Scan the data below for the string "splice". Show every line where it turns up.

- **DATA PROVIDED**:
=== Section Start ===

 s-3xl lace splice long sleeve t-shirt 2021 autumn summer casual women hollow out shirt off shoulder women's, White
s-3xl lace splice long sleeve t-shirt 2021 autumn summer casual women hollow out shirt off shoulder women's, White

=== Section End ===
=== Section Start ===

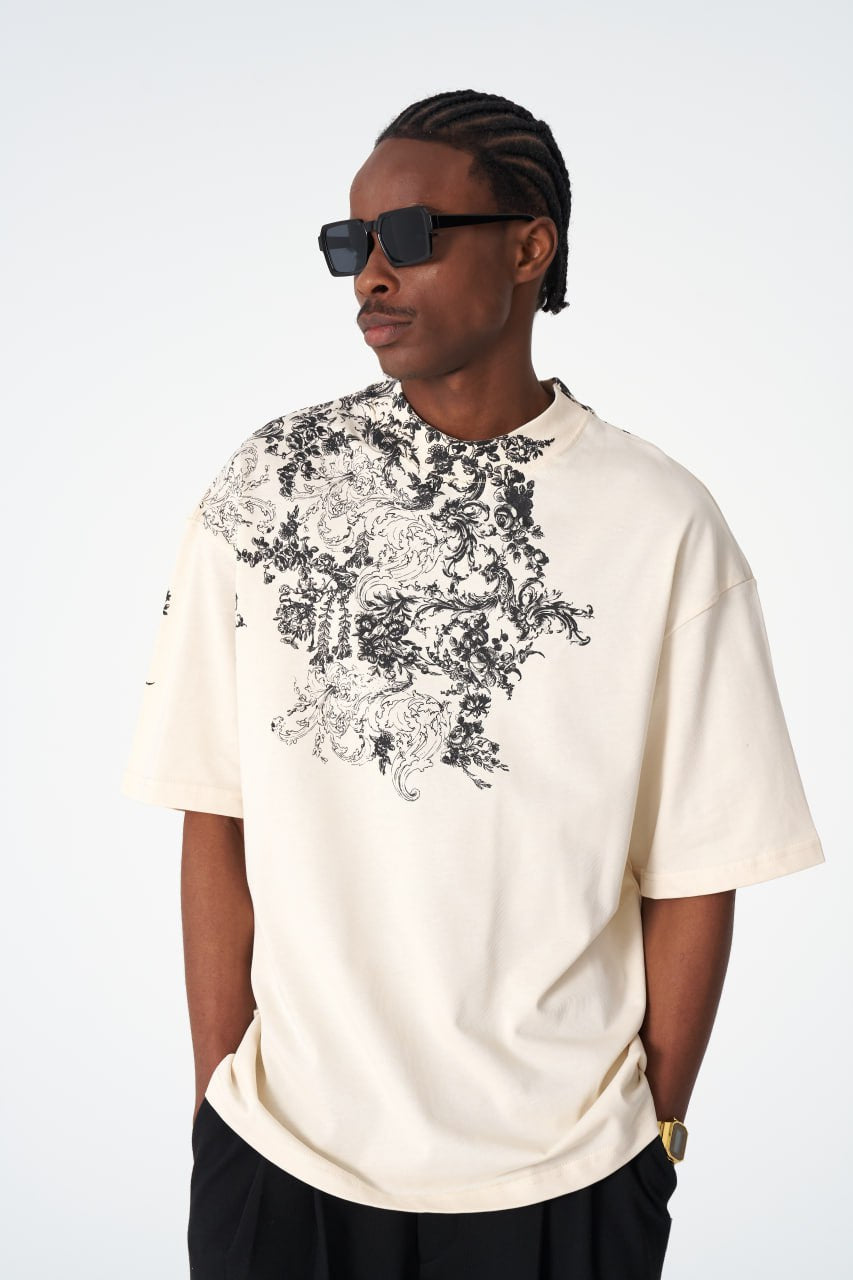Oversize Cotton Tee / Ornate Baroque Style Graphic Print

=== Section End ===
=== Section Start ===

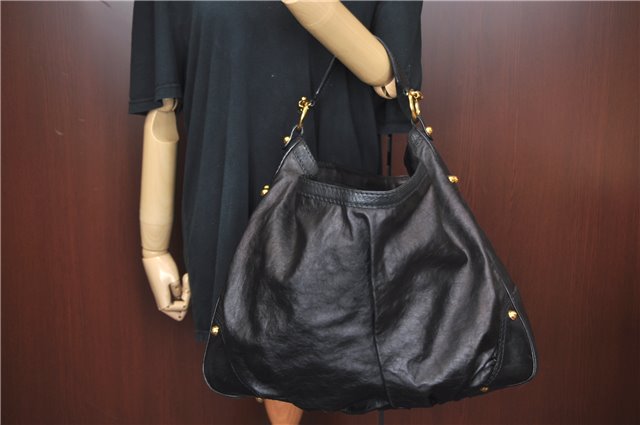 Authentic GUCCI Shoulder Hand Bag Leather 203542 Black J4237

=== Section End ===

- **ANSWER BELOW**:
 s-3xl lace splice long sleeve t-shirt 2021 autumn summer casual women hollow out shirt off shoulder women's, White
s-3xl lace splice long sleeve t-shirt 2021 autumn summer casual women hollow out shirt off shoulder women's, White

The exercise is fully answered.